→ What to produce: Print the listing as it stands, omitting all images.

→ Stored data:
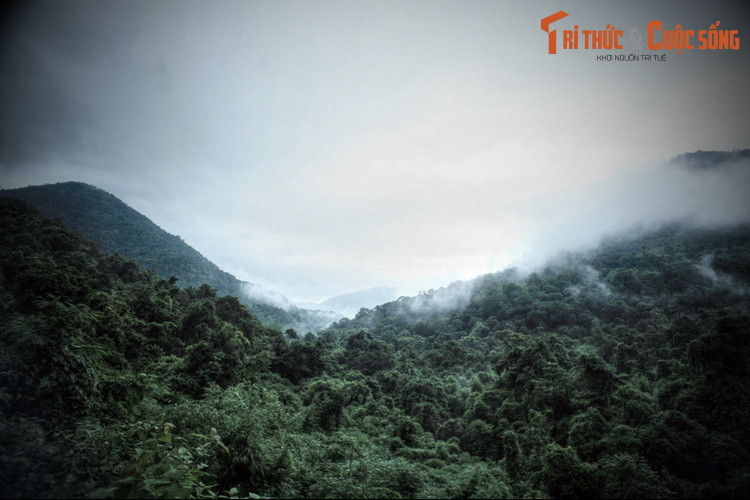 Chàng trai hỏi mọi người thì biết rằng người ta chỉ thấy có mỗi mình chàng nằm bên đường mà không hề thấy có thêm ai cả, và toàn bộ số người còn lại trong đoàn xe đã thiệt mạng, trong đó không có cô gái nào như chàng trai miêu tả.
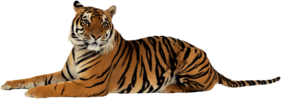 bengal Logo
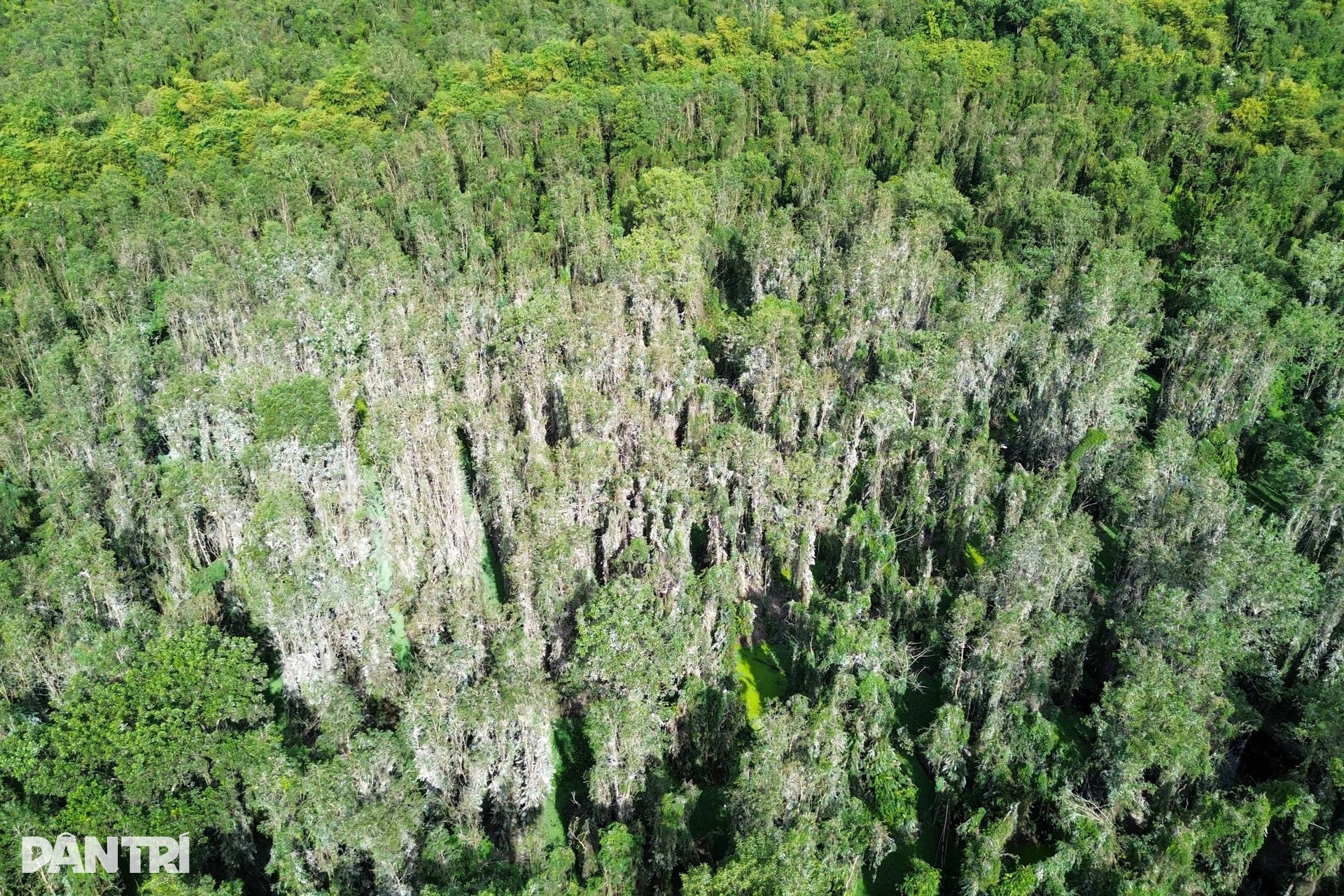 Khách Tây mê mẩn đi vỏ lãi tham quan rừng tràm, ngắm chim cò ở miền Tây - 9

→ Response to the task:
 Chàng trai hỏi mọi người thì biết rằng người ta chỉ thấy có mỗi mình chàng nằm bên đường mà không hề thấy có thêm ai cả, và toàn bộ số người còn lại trong đoàn xe đã thiệt mạng, trong đó không có cô gái nào như chàng trai miêu tả.
 bengal Logo
 Khách Tây mê mẩn đi vỏ lãi tham quan rừng tràm, ngắm chim cò ở miền Tây - 9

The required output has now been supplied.